Jacco de Jong
Blockchain and the distributed ledger technology (DLT) on which it is based, are now regarded as having the potential to eliminate painfully slow, error and fraud-prone paper-based processes in trade. This is great news for Corporates, carriers and freight forwarders.
The ledger at the heart of blockchain can be open to public scrutiny or closed (requiring permission) and its hash technology promises great security. It should allow for the faster and safer transfer of authenticated trade documents, reducing opportunities for fraud.
Yet while many very promising blockchain-based solutions have emerged, there are a number of hurdles that still need to be overcome in terms of infrastructure, tapping into existing networks, standardisation, acceptance and legal enforceability. It is important these are addressed before we see a viable, standalone blockchain trade documentation platform on which all parties feel comfortable transferring a bill of lading.
Think of the hybrid car
A good comparison would be with the electric car. We all know that the super-efficient, low-emission electric car is the future of the automotive industry, but even today the number of such vehicles on our roads remains relatively small. This is due to a variety of reasons including lack of charging points, the time they take to charge and the range the battery provides.
What has happened, however, is that tried-and-tested internal combustion technologies have been improved and combined with more efficient batteries to create hybrid vehicles that achieve hugely greater MPG and reduce emissions without requiring a vast new infrastructure.
Similarly, we know that blockchain technology will have a major role to play in the exchange of trade documentation, yet we could be waiting a while before organisations can reap the benefits.
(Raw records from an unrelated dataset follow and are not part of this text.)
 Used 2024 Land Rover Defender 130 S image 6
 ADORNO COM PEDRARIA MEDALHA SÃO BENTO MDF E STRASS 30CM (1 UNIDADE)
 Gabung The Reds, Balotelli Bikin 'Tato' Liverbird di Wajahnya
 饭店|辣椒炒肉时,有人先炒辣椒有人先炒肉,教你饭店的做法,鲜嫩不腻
As with the development of a hybrid vehicle, is there a hybrid trade documentation equivalent for blockchain where existing digitisation platforms, for example, can work together to provide a practical solution today?
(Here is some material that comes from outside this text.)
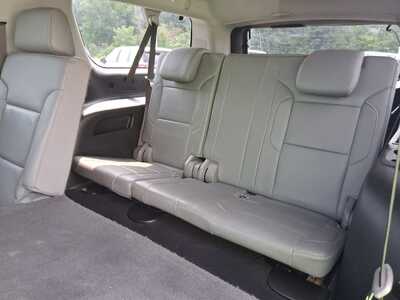 2020 Chevrolet Suburban, $23997. Photo 11
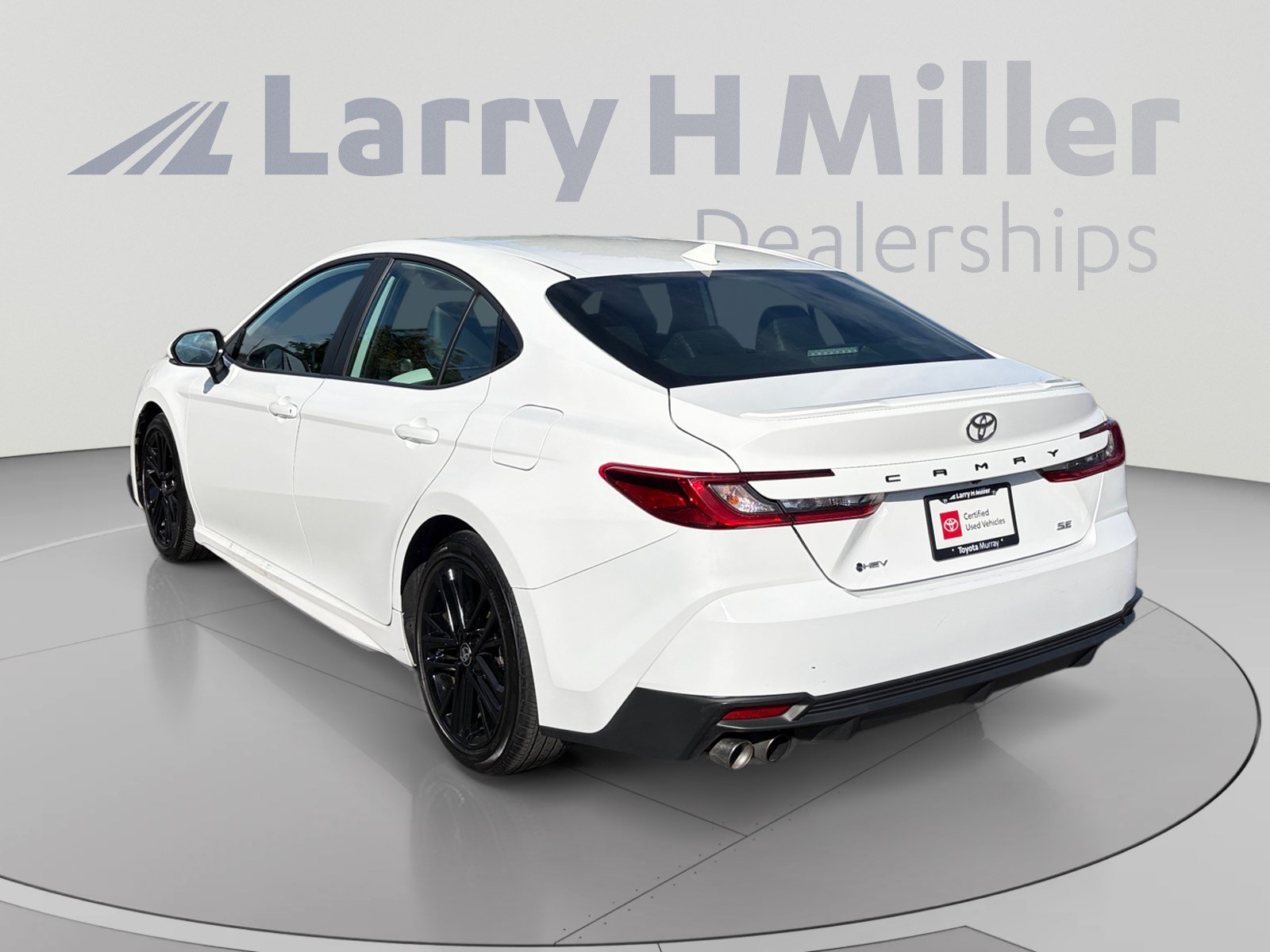 Certified 2025 Toyota Camry SE FWD image 3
The necessity for network-building
For starters, digitisation platforms, have a ready-made trading network already in place, connecting banks, corporates, carriers and other trading counterparties. These are rapidly expanding because of the established security and efficiency of their systems and their understanding of trade mechanisms.
Standardisation in digital trade documentation is also another area where blockchain will benefit. For a document as important and versatile as a bill of lading, standardisation offers huge advantages for everyone, supercharging interoperability of systems around the globe. But without critical mass, blockchain solutions are unlikely to make any headway on their own. They will need to link up with solution-providers who have achieved adoption and credibility among exporters, carriers and banks.
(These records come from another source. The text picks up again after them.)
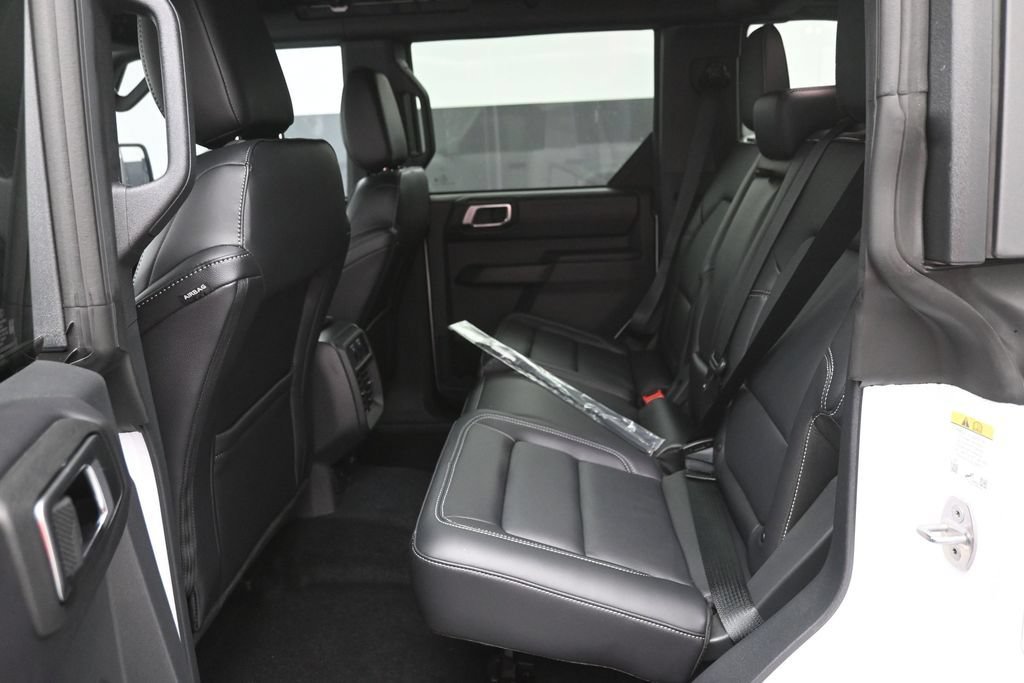 New 2026 Ford Bronco Outer Banks AWD/4WD image 23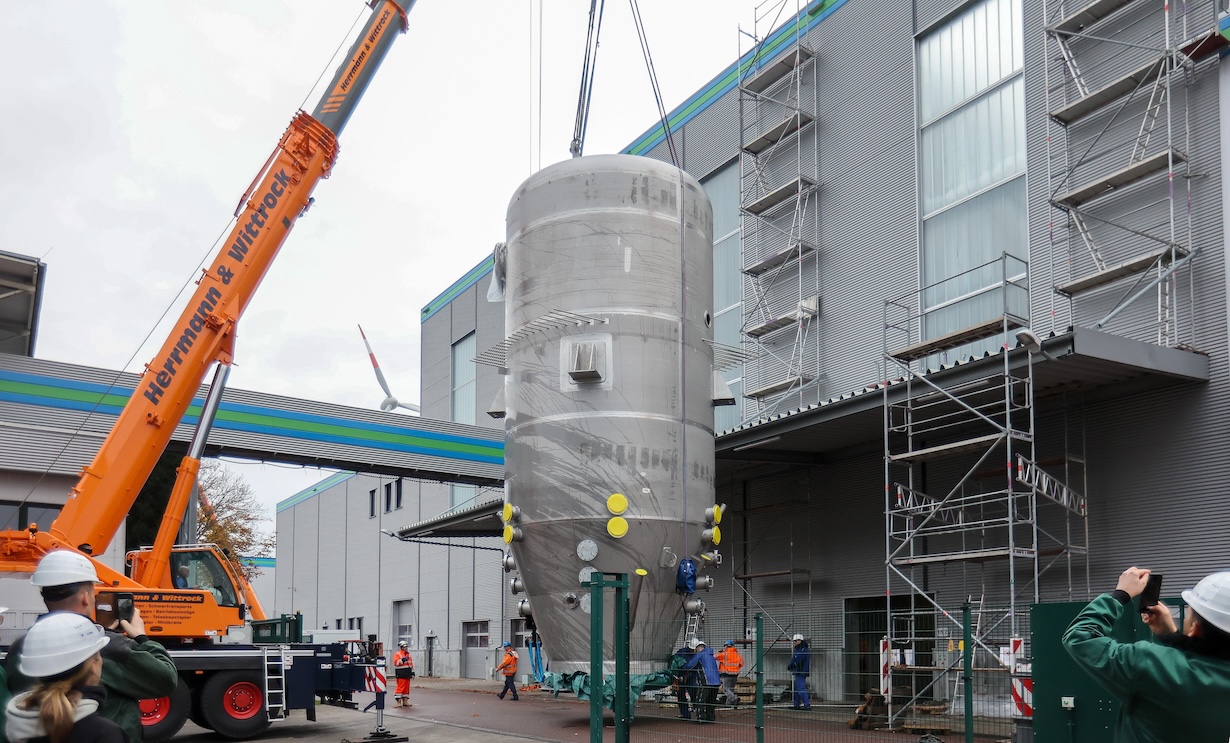 Fluidized-bed granulation plant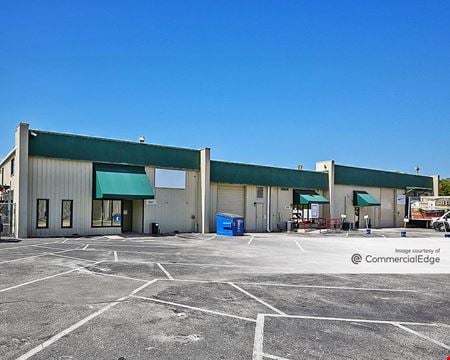 A look at Sunstate Industrial Park commercial space in Tampa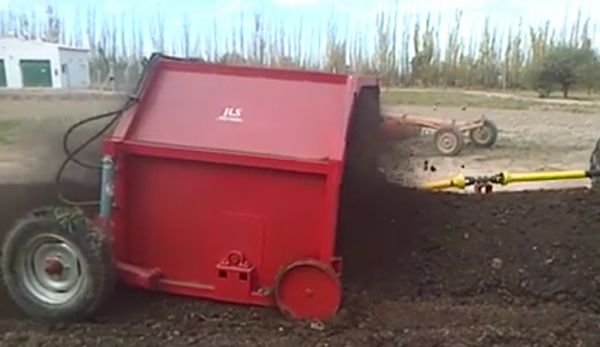 Volteador de compost ancho labor 2.00 metros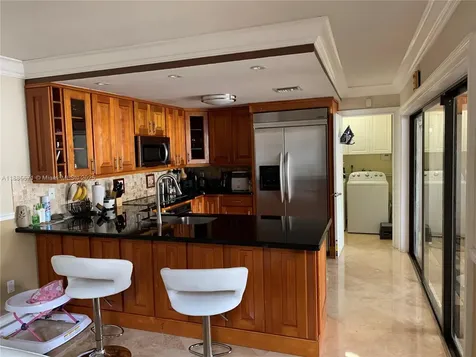 10115 NW 4th Lane Miami FL 33172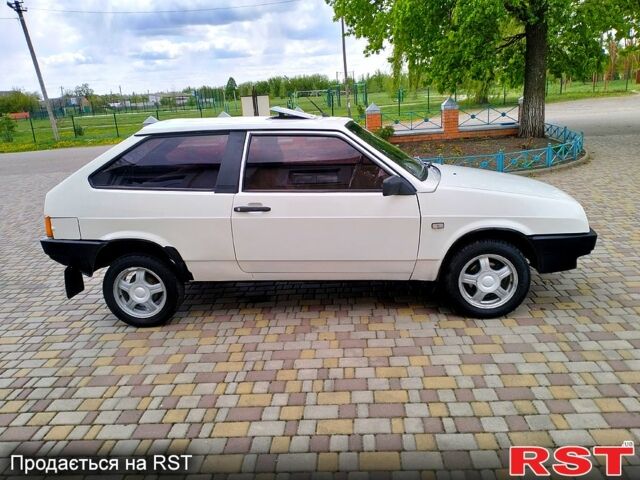 Белый ВАЗ 2108, объемом двигателя 1.3 л и пробегом 200 тыс. км за 1350 $, фото 3 на Automoto.ua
The advantages of using a legal framework
The use of ‘Smart contracts’ is a central part of blockchain transactions, but do they provide sufficient security on the legality and enforceability of those transactions? While smart contracts can be used to effect and record the performance of contractual undertakings on the blockchain, they are of limited value when it comes to the formation of those contracts which require some form of master agreement that participants agree to abide by. Without clear legal infrastructure, achieving adoption is likely to be extremely difficult. How can legal disputes be resolved, or counterparties have any confidence in transactions? Being able to interoperate with an existing digital trade ecosystem for example, however, eliminates this obstacle when the solution is based on an internationally accepted legal framework underpinned by the jurisprudence of, for example, English law.
There is a wider point here, which is that for digitisation to be successful, it must not just match, but look to radically improve day-to-day working processes in international trade. This is not easy when there are multiple parties using multiple documents in different time zones and jurisdictions. A real understanding of how international trade works and the trusted and legal execution of transactions is required before a solution can be designed and implemented which operates to everybody’s advantage.
Technological innovation on its own will not be enough, which is why we need the best of both worlds – the practical benefits of today’s digitisation platforms that are tried-and-tested and built on real-world trade processes – and the advanced efficiencies and security that blockchain will deliver.
The hybrid combination of trusted B2B networks and DLT
By combinging established and trusted digitisation solutions with distributed ledger technology, the efficiency and security benefits could flow right through the supply chain today.
Interoperability of this order provides rapid access to significant gains just as corporates need to respond rapidly to new opportunities and challenges. The result? Greater availability of working capital and vastly improved efficiency and productivity for all parties.
Instead of waiting for blockchain-based solutions to achieve global acceptance, companies could instead adopt a hybrid approach that will deliver safer, smarter and faster digitisation immediately, along with all the gains they rightly envisage.